'Soviet-era snitching' returns to Russia

"Denunciations, secret informants and squealers" are becoming "rife" in everyday Russian life, experts in Russia have said, with some people saying the trend marks a return to the dark days of the 1930s purges when people would denounce their neighbours and friends to the authorities in order to advance their career, or to secure a better standard of living.

According to an article published in the Moscow Times, denunciations often come from anonymous groups who state authorities rarely name, referring to them instead as "concerned citizens". However, in some cases the denunciations are public and often involve the State Duma or local deputies, with one expert claiming that state authorities sometimes fabricate claims in order to justify their actions.

Alexander Cherkasov, who works for a human rights group pointed out that several state-led campaigns against "loosely defined extremists, gay people and those perceived to be insulting the feelings of religious believers" over the last few years, are used to signal our certain individuals or groups, meaning that these people come under increased, and arguably unfair, scrutiny.

Anna Reshyotkina, an editor-in-chief of a glossy magazine, is quoted on the piece, describing her experience of having to explain to the state prosecutor about a front cover which had featured this year's Miss Russia draped in a Russian flag.

Any act considered to desecrate the Russian flag is a criminal offence which carried a punishment of up to a year in prison and the prosecutors told Reshyotkina that an unknown person had complained about the cover, sparking the investigation. Reshyotkina was not told the person's name and she has not been questioned about it since.
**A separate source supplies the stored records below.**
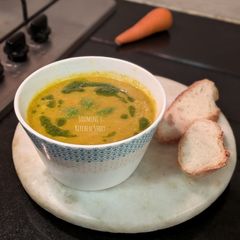 A picture of Dill and carrot soup with fennel oil dressing.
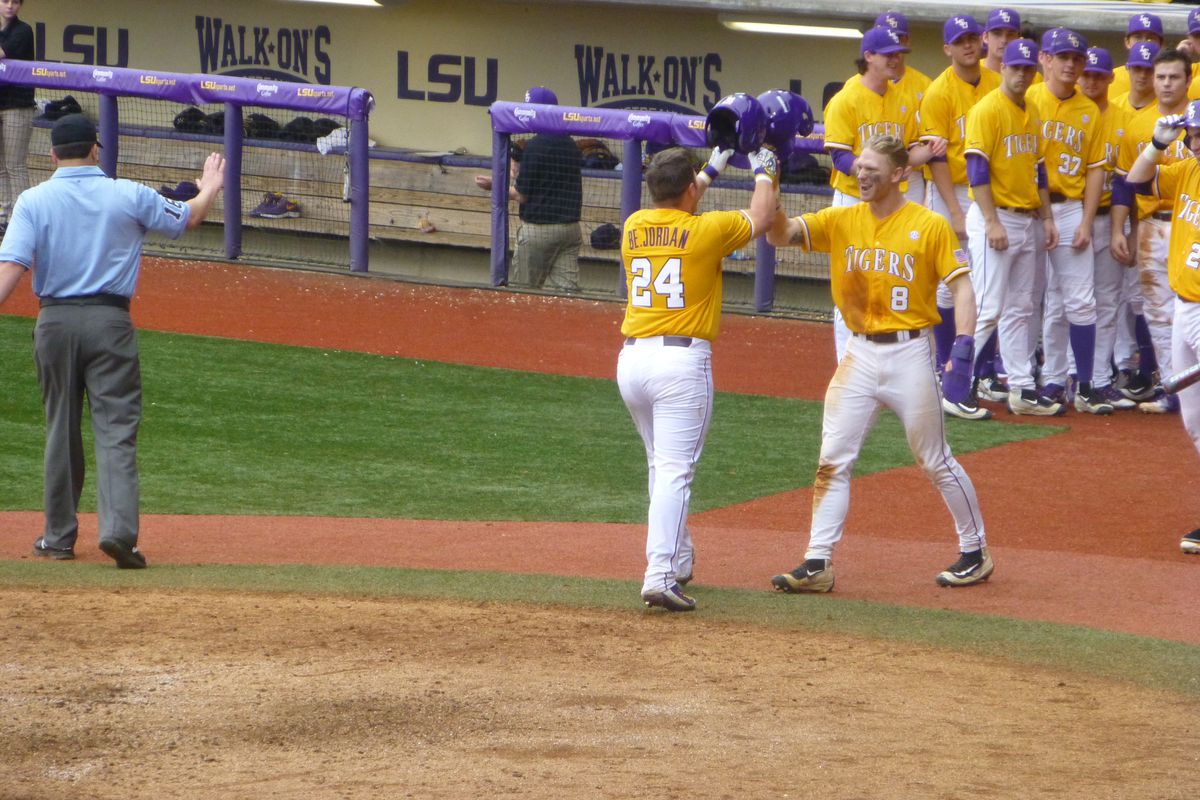 Beau Jordan is greeted by Jake Fraley following his home run during Sunday's onslaught.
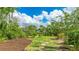 Landscaped backyard featuring lush greenery, stepping stones, and mulched garden beds with beautiful views of the canal at 5135 Riverwood Ave, Sarasota, FL 34231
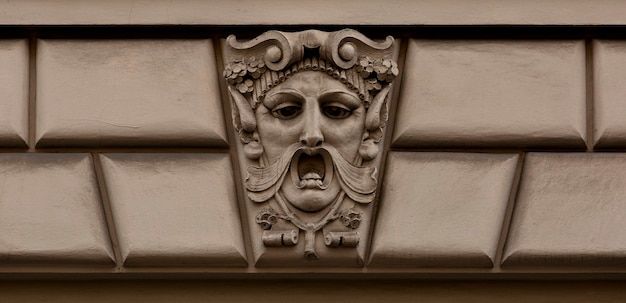 A face on a building that has a man's mouth and a beard on it.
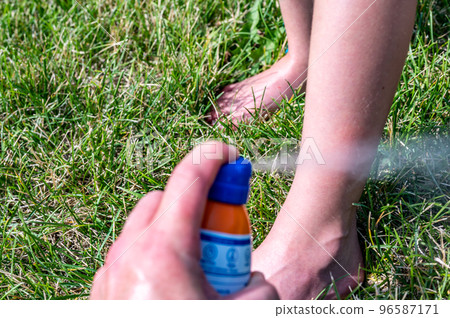 Applying an aerosol spray sunscreen to a young child in the summer.  96587171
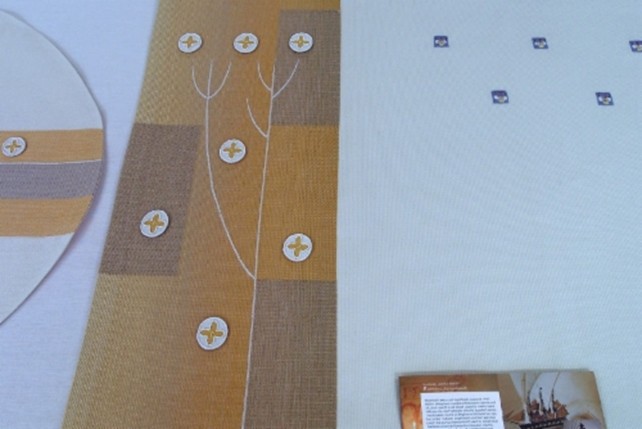 Valkoinen alttarivaate ja kasukka valmiina ompelimon pöydällä. Tekstiilien symboleina keltamon ja keto-orvokin kukat sekä pääskynen. Keltamoa kutsutaan myös pääskysyrtiksi.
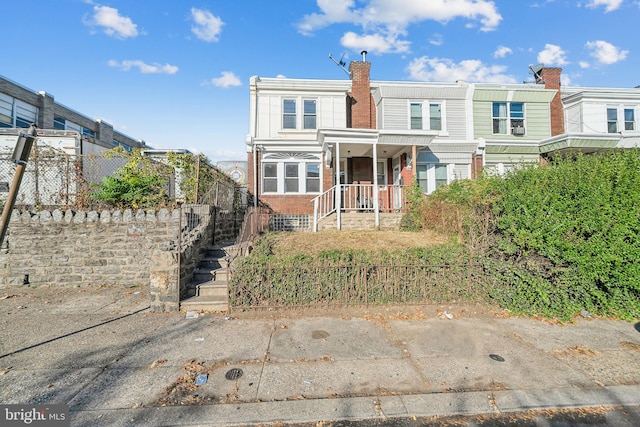 view of property featuring a porch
Irina Khaly, a senior researcher at the Institute of Sociology of the Russian Academy of Sciences, told the Moscow Times that Russia was in danger of returning to the 1930s. "Everything is sliding back to 1937: denunciations, secret informants and squealers,"

"These people are not in the majority, but they seek career advancement and other benefits, so they are active," she continued.

While the article concedes that snitching takes place in Western countries too, it argues that in Russia people can report someone simply for offending their feelings. Analysts told the Times that in the West snitching is used to restore order, while in Russia it is a way of punishing people.

"In Western societies there is no room for these groundless denouncements, because they would not have any effect", said Gasan Guseinov, a culturologist and philology professor at Moscow's Higher School of Economics in the article. "Here we have the opposite situation, where making baseless denouncements is institutionalised."